**Records to use:**
──────────────────────────────
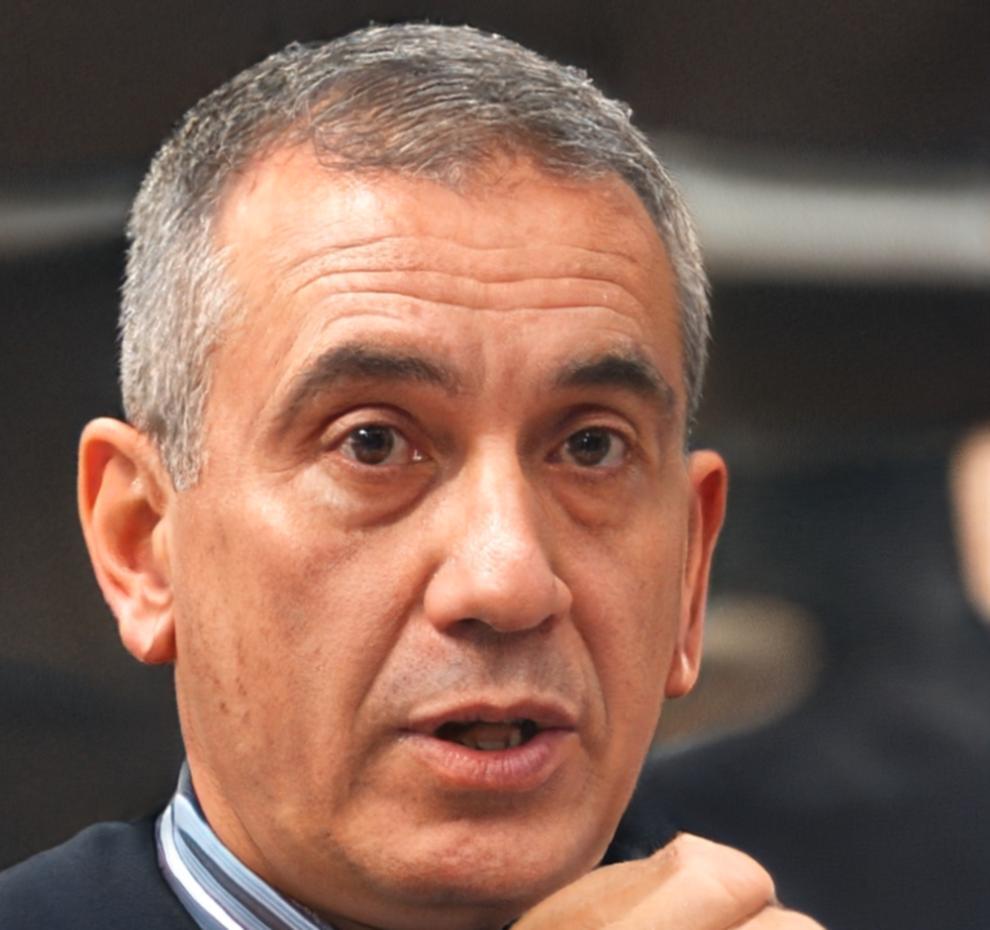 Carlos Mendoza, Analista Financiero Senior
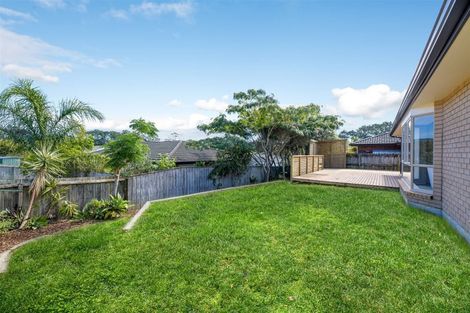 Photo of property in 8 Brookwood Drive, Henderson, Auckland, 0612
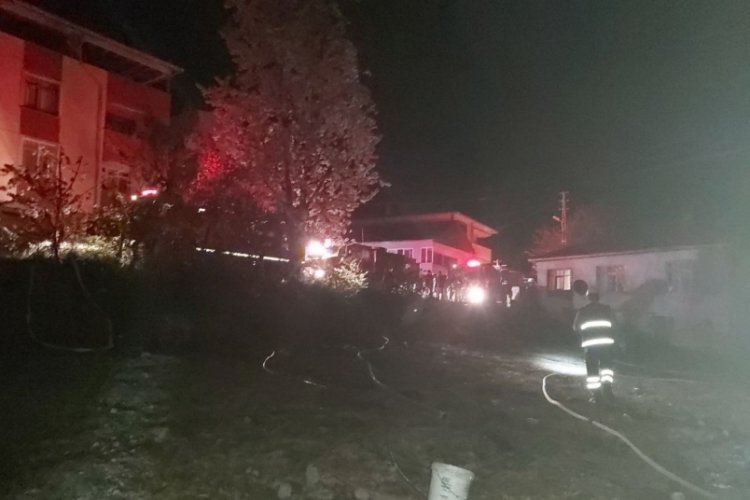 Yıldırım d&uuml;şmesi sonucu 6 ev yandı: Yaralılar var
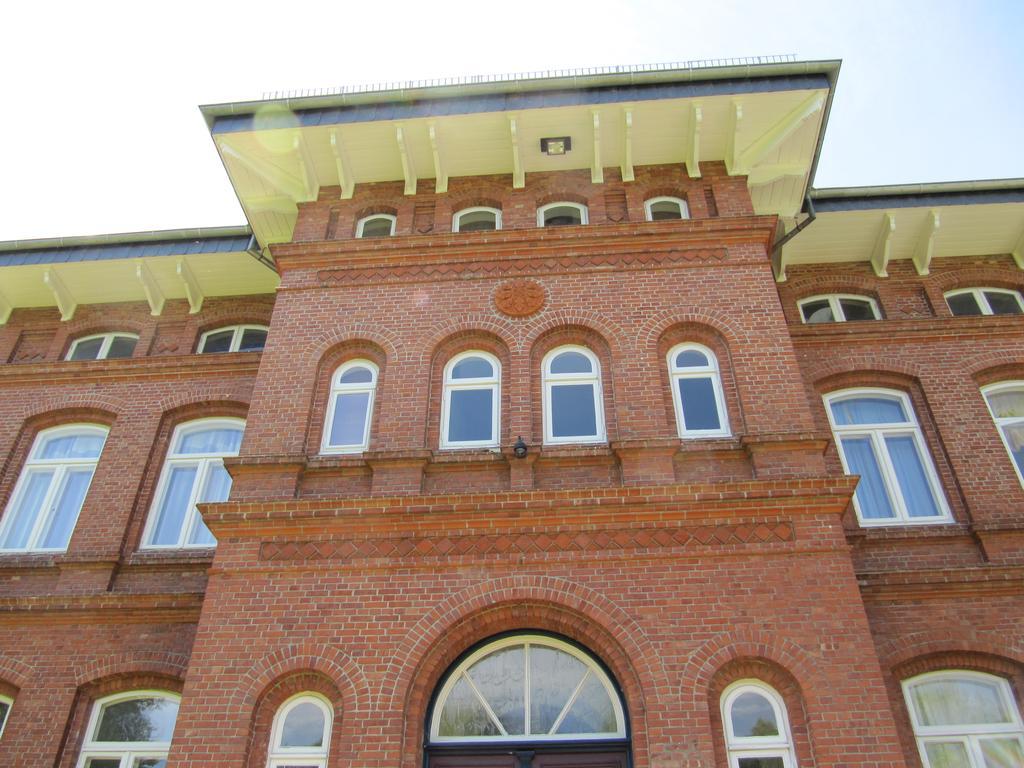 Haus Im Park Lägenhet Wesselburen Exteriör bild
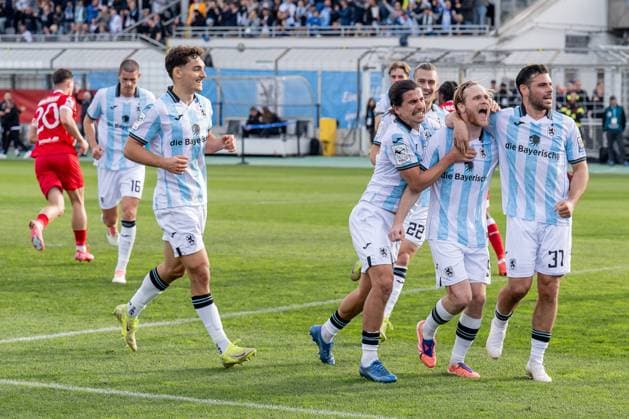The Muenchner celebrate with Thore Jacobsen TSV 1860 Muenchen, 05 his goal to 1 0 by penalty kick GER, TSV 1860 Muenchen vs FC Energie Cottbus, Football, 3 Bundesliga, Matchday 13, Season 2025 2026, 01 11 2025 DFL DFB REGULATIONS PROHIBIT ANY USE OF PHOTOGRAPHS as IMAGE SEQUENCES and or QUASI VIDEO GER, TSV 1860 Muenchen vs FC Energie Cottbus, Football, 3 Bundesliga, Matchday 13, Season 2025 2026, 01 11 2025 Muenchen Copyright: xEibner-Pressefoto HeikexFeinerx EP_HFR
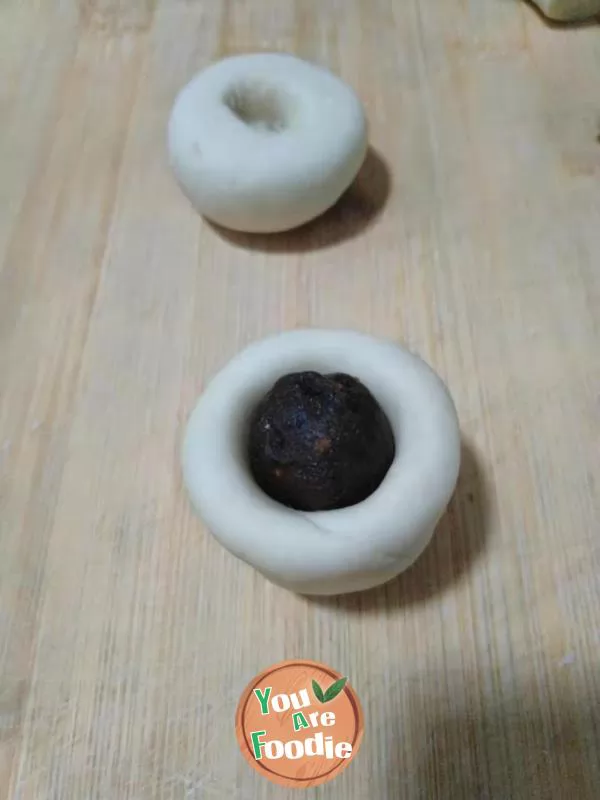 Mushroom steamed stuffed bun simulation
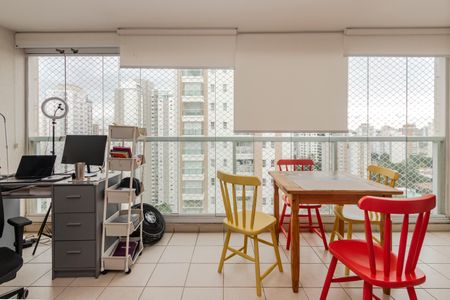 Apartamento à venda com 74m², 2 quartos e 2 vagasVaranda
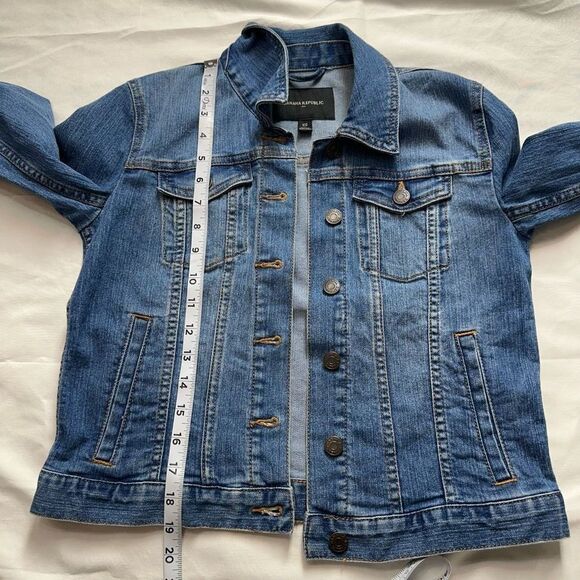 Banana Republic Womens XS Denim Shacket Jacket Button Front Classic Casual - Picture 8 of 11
──────────────────────────────
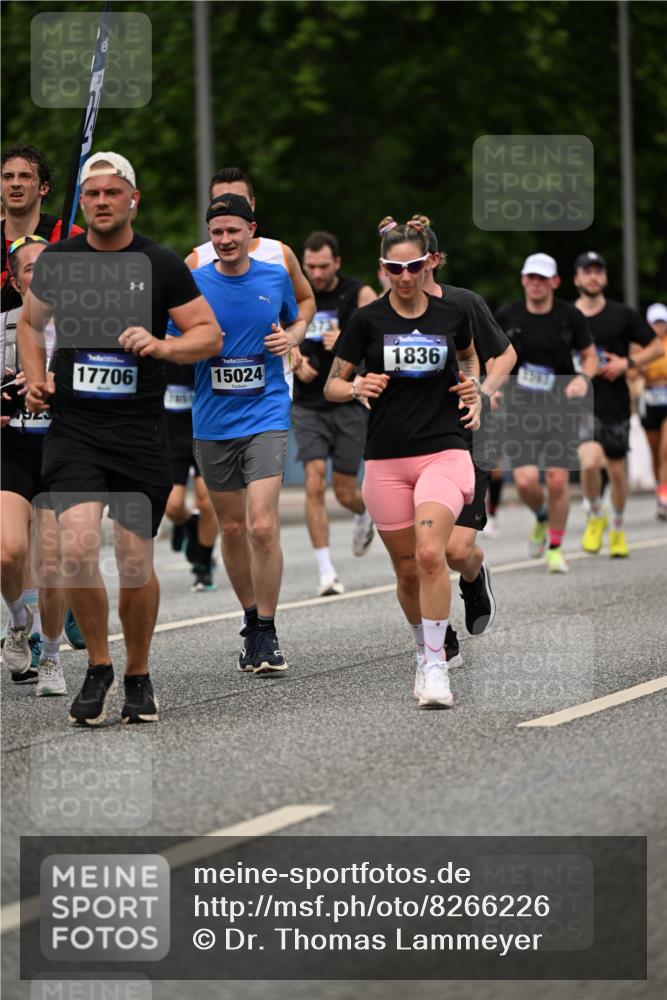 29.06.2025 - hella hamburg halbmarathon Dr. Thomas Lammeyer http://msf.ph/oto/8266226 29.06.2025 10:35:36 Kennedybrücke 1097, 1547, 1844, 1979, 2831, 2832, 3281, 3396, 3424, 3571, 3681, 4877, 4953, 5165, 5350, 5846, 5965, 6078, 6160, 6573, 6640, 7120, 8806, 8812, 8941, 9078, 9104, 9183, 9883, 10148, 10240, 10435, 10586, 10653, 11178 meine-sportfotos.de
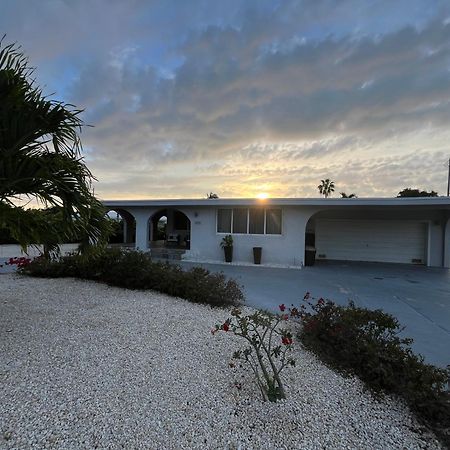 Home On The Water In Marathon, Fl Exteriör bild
──────────────────────────────
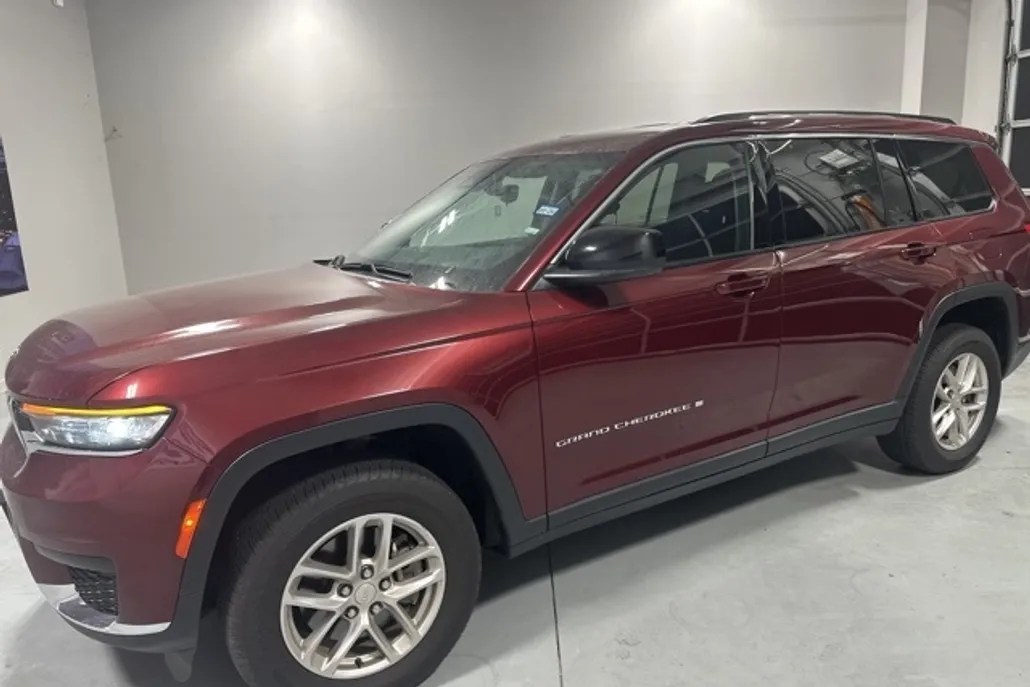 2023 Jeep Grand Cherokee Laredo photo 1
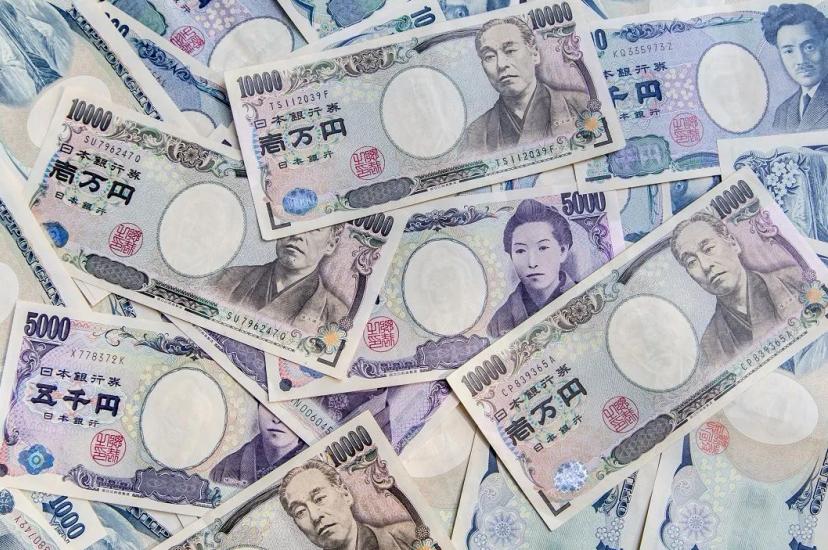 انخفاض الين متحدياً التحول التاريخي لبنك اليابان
──────────────────────────────
**What is required:** In the records above, copy exactly everything from the line that has "Carlos Mendoza, Analista Financiero Senior" down to the line that has "Haus Im Park", both ends included, and leave out the pictures.

**Response to this exercise:**
 Carlos Mendoza, Analista Financiero Senior
 Photo of property in 8 Brookwood Drive, Henderson, Auckland, 0612
 Yıldırım d&uuml;şmesi sonucu 6 ev yandı: Yaralılar var
 Haus Im Park Lägenhet Wesselburen Exteriör bild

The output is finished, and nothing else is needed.